What lines in the records below include the word "Green"? Return each one.

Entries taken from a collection
►
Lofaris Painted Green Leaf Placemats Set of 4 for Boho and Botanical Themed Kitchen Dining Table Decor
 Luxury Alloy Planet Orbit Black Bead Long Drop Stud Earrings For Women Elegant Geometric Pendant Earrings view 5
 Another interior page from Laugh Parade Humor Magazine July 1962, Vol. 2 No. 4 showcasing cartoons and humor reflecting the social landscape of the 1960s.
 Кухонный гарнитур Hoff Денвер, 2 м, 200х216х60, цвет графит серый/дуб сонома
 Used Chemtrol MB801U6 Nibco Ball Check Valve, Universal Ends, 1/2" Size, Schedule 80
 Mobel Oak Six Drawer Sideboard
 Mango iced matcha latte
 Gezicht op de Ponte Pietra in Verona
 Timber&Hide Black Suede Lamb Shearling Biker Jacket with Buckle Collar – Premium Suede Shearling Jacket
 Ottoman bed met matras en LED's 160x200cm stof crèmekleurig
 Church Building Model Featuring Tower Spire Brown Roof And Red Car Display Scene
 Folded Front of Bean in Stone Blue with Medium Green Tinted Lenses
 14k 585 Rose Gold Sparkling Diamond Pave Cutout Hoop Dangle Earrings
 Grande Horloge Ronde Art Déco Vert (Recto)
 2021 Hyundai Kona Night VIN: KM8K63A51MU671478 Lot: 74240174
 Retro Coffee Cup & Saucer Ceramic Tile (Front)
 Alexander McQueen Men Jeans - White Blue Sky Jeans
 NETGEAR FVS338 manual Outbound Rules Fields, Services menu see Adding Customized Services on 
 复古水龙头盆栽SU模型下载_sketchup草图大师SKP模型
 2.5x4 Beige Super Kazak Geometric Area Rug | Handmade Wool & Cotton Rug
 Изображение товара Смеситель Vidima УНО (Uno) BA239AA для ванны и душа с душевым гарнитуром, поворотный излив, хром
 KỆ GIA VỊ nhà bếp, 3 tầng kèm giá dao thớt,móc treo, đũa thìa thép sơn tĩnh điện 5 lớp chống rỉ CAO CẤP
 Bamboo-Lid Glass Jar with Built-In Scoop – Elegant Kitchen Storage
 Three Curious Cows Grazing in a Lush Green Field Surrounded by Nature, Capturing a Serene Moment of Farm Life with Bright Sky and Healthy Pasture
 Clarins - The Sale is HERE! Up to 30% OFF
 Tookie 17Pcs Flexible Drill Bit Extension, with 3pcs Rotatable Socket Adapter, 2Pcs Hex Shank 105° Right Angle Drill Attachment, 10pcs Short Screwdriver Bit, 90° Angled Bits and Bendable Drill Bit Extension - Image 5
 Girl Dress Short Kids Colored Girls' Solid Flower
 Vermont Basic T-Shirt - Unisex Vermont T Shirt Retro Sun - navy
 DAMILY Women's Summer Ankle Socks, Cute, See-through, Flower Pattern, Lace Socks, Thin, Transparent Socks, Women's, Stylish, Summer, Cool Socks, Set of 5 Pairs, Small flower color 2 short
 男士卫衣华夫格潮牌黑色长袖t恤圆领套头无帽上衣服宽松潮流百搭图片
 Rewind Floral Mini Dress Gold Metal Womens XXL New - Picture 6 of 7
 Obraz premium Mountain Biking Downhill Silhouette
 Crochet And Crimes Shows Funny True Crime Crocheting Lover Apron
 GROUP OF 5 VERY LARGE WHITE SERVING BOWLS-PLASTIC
◄
— SOLUTION TO THE PROBLEM —
Lofaris Painted Green Leaf Placemats Set of 4 for Boho and Botanical Themed Kitchen Dining Table Decor
 Folded Front of Bean in Stone Blue with Medium Green Tinted Lenses
 Three Curious Cows Grazing in a Lush Green Field Surrounded by Nature, Capturing a Serene Moment of Farm Life with Bright Sky and Healthy Pasture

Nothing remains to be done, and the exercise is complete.